Bir süredir Türkiye için “eksen kayması” yazılıyor, çiziliyor.
Bu iddialar ABD belgelerinden Wikileaks açıklamasıyla mı akılları başlara getirecek?
Abdullah Gül ile Tayyip Erdoğan yola birlikte çıkmışlar ama beraber ıslandıkları yıllar geride kalmış.
Tuzları kuruduktan sonra da bu yol arkadaşlığının sürdüğünü ve süreceğini politikaya biraz aşina olanlar ihtiyatla karşılıyorlardı.
Yağmur durmuşsa ortak şemsiyeye ihtiyaç kalmaz.
Erdoğan’ın otoriter kişiliği, “iş kolik” diye anılan çalışma temposu...
El yazısına da yansıyan o kaligrafi özenin “mükemmeliyetçilik” psikolojisinin işareti olduğu...
Yakın çevre için “yetenek MR’ı” serbest dolaşımda.
“Servet ve yakınları zenginleştirme” iddiaları daha 2000 yıl öncesinden bu yana konuşulmakta.
ABD’nin Ankara’daki diplomatları da -kanıtlanamadı- notuyla bu konuşmaları yansıtmış.
Akiyev’in Ankara’ya ters köşeden bakışı “Ermenista’la gizli protokol” sızıntısından sonra zaten apaçık ortaya konmuş değil miydi?
Davutoğlu belli ki Anakara’daki ABD diplomatlarını fazlasıyla tedirgin etmiş.
Bunun böyle olduğu zaten biliniyordu.
“Komşularla sıfır problem” paradigması İran’la da “sıfır problem” demektir.
Batı’nın ve ABD’nin 60 yıllık omuz omuzalığı bir tarafta ve tam karşıdaki İran öbür taraftayken “sıfır problem” nasıl olacak?
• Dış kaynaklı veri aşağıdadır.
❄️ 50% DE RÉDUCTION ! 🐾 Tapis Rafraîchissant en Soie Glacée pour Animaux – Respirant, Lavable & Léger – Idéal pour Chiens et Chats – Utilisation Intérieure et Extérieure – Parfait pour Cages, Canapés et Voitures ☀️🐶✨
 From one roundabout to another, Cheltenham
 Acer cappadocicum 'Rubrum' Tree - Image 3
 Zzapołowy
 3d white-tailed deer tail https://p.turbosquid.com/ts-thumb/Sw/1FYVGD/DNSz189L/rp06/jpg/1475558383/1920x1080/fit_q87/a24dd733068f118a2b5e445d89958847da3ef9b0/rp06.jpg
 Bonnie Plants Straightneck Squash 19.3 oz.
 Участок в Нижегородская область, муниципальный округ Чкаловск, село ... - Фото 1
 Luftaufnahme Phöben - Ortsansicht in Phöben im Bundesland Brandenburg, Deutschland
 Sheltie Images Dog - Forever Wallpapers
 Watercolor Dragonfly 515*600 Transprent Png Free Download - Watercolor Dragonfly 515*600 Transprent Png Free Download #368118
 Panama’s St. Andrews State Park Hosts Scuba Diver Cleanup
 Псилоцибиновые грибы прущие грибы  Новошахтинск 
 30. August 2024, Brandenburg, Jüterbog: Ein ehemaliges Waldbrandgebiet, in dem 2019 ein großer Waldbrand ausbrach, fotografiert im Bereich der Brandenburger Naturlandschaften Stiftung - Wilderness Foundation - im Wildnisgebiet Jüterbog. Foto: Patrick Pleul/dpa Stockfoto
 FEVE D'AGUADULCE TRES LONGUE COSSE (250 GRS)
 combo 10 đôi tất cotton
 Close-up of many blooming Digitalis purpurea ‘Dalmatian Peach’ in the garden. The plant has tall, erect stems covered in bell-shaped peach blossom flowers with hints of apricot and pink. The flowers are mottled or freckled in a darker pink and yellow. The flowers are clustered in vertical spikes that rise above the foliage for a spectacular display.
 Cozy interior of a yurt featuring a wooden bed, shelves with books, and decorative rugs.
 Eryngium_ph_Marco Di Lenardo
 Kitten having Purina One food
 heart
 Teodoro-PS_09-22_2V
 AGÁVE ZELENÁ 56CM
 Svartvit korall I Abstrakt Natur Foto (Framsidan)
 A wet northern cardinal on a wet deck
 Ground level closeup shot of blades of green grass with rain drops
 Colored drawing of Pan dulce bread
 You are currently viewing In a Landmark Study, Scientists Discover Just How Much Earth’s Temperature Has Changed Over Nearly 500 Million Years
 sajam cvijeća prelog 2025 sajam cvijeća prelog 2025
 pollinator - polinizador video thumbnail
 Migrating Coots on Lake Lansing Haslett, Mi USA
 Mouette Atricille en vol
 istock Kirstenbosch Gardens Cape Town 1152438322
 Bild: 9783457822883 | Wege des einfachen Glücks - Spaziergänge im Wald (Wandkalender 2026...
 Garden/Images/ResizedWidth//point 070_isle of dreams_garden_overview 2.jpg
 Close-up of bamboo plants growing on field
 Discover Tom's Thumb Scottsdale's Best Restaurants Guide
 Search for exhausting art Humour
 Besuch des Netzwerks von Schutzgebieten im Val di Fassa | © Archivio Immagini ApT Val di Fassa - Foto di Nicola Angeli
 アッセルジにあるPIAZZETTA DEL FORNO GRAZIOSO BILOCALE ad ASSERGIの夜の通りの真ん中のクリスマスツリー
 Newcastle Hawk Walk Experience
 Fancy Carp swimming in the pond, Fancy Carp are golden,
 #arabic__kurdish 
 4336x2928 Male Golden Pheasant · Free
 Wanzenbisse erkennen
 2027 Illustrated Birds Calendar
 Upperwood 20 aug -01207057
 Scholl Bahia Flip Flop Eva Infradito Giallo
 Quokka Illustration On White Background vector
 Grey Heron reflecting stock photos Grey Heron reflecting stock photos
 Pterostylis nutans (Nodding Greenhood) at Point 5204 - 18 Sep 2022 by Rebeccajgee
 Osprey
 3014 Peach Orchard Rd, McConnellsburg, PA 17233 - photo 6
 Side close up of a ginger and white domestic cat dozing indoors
Yeni Osmanlı politikası iddiaları herhalde “Başbakan Erdoğan’ın Lübnan’da SULTAN” diye karşılanması üzerine daha da köpürtülmekte.
.....................
Şimdiye kadar yayınlanan Wikileaks belgelerinde belleğimi şiddetle sarsacak “yüksek voltajı” almadım.
Ne var ki...
“Bu iyi gazetecilik olayına” şapka çıkarıyorum.